"""
<p>
This module implements an algorithm described by Andreas Westfeld in [1,2],
which detects if there was data embedded into an image using JSteg.
It uses the property that JSteg generates pairs of values in the
DCT-coefficients histogram, which can be detected by a \chi^2 test.
</p>

<pre>
[1]: Andreas Westfeld, F5 - A Steganographic Algorithm High Capacity Despite
Better Steganalysis
[2]: Andreas Westfeld, Angriffe auf steganographische Systeme
</pre>
"""

from collections import defaultdict
import os

from PIL import Image
import numpy
from scipy.stats import chisquare
import matplotlib.pyplot as plt
import itertools as it
from msteg.StegBase import StegBase

from stegotool.util.plugins import describe_and_annotate
from stegotool.util.plugins import ImagePath, NewFilePath
from stegotool.util.JPEGSteg import JPEGSteg
from stegotool.util import rw_dct

class ChiSquare(JPEGSteg):
    """
    The module contains only one method, <b>detect</b>.
    """

    def __init__(self, ui, core):
        self.ui = ui
        self.core = core

    @describe_and_annotate((None, None),
                           ("Source image", ImagePath),
                           ("Target image", NewFilePath),
                           ("2nd Target image", NewFilePath))
    def detect(self, src, tgt, tgt2):
        """
        <p>
        Detect if there was data embedded in the <i>source image</i> image with
        JSteg algorithm.
        </p>

        <p>
        Parameters:
        <ol>
        <li><pre>Source image</pre> Image which should be tested</li>
        <li><pre>Target image</pre> Image which displays a graphic with the
        embedding probability</li>
        <li><pre>2nd Target image</pre> Image which displays the embedding
        positions in the image</li>
        </ol>
        </p>
        """
        # --------------------------- Input -----------------------------------
        # If src is from the image pool, test whether the image exists encoded
        # on the file system. Otherwise we can not read DCT-coefficients.
        if self.core.media_manager.is_media_key(src):
            src = self.core.media_manager.get_file(src)
            if hasattr(src, 'tmp_file'):
                src = src.tmp_file
                self.ui.display_error('Trying file: %s' % src)
            else:
                self.ui.display_error('Can not detect anything from \
                        decoded images.')
                return
        # Test whether the file exists.
        if not os.path.isfile(src):
            self.ui.display_error('No such file.')
            return
        # Test if it is a JPEG file.
        if not self._looks_like_jpeg(src):
            self.ui.display_error('Input is probably not a JPEG file.')
            return

        # ---------------------------- Algorithm ------------------------------
        # Build DCT-histogram in steps of \approx 1% of all coefficients and
        # calculate the p-value at each step.
        dct_data = rw_dct.read_dct_coefficients(src)
        hist = defaultdict(int)
        cnt = 0
        l = len(dct_data)
        one_p = l / 100
        result = []
        for block in dct_data:
            # update the histogram with one block of 64 coefficients
            for c in block:
                hist[c] += 1

            cnt += 1
            if not cnt % one_p:
                # calculate p-value
                self.ui.set_progress(cnt * 100 / l)
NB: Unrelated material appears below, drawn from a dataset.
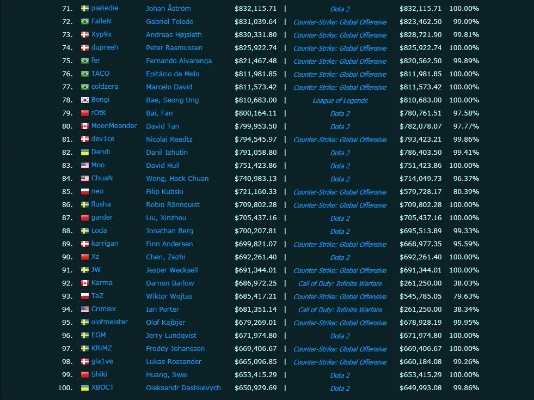 TI8最终排名和奖金究竟有多震撼？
                # ignore the pair (0, 1), since JSteg does not embed data there
                hl = [hist[i] for i in range(-2048, 2049) if not i in (0, 1)]
                k = len(hl) / 2
                observed = []
                expected = []
                # calculate observed and expected distribution
                for i in range(k):
                    t = hl[2 * i] + hl[2 * i + 1]
                    if t > 3:
                        observed.append(hl[2 * i])
                        expected.append(t / 2)
                # calculate (\chi^2, p)
                p = chisquare(numpy.array(observed), numpy.array(expected))[1]
                result.append(p)

        # ----------------------------- Output --------------------------------
        # Graph displaying the embedding probabilities in relation to the
        # sample size.
        figure = plt.figure()
        plot = figure.add_subplot(111)
        plot.grid(True)
        plot.plot(result, color='r', linewidth=2.0)
        plt.axis([0, 100, 0, 1.1])
        plt.title('Embedding probability for different percentages \
of the file capacity.')
        plt.xlabel('% of file capacity')
        plt.ylabel('Embedding probability')
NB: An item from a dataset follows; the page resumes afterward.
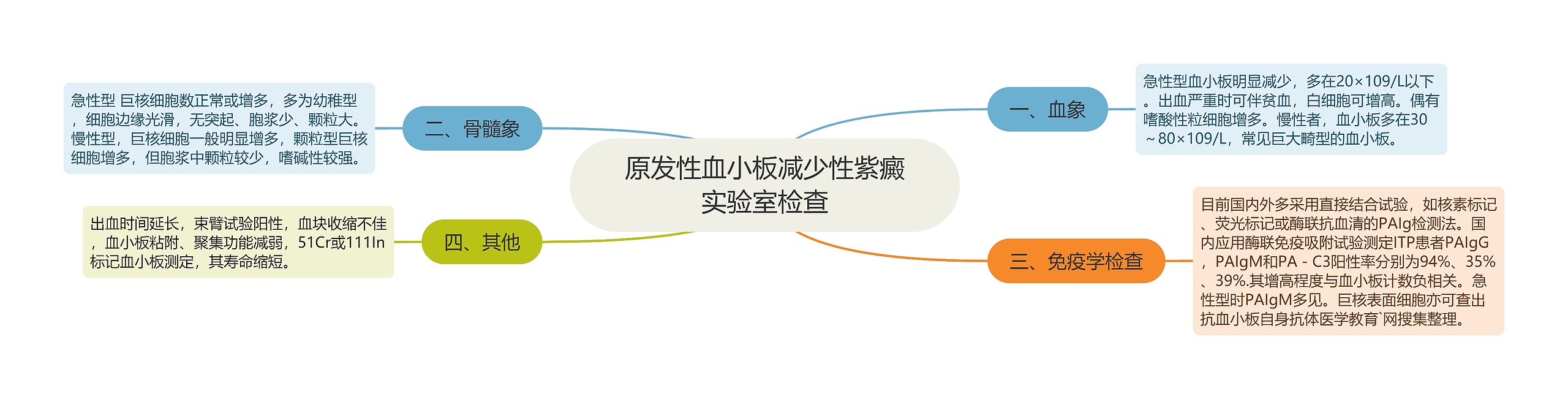 原发性血小板减少性紫癜实验室检查 原发性血小板减少性紫癜实验室检查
        if self.core.media_manager.is_media_key(tgt):
            img = figure_to_pil(figure)
            self.core.media_manager.put_media(tgt, img)
        else:
            plt.savefig(tgt)

        # Image displaying the length and position of the embedded data
        # within the image
        img2 = Image.open(src)
        img2.convert("RGB")
        width, height = img2.size

        for i in range(100):
            result[i] = max(result[i:])

        cnt2 = 0
        for (top, left) in it.product(range(0, height, 8), range(0, width, 8)):
            if not cnt2 % one_p:
                r = result[cnt2 / one_p]
                if r >= 0.5:
                    color = (255, int((1 - r) * 2 * 255), 0)
                else:
                    color = (int(r * 2 * 255), 255, 0)
            cnt2 += 1
            img2.paste(color, (left, top, min(left + 8, width),
                                   min(top + 8, height)))
        self.core.media_manager.put_media(tgt2, img2)

    def __str__(self):
        return 'Chi-Square-Test'


def figure_to_pil(figure):
    figure.canvas.draw()
    return Image.fromstring('RGB',
                            figure.canvas.get_width_height(),
                            figure.canvas.tostring_rgb())